**Problem:**
Lines from the one containing "Hawaii day!" through the end of the material below should be given again exactly, with no others.

------ Recorded information ------

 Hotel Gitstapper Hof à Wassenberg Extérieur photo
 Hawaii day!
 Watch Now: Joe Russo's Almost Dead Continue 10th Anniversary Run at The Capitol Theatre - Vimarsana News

------

**Result of the task:**
 Hawaii day!
 Watch Now: Joe Russo's Almost Dead Continue 10th Anniversary Run at The Capitol Theatre - Vimarsana News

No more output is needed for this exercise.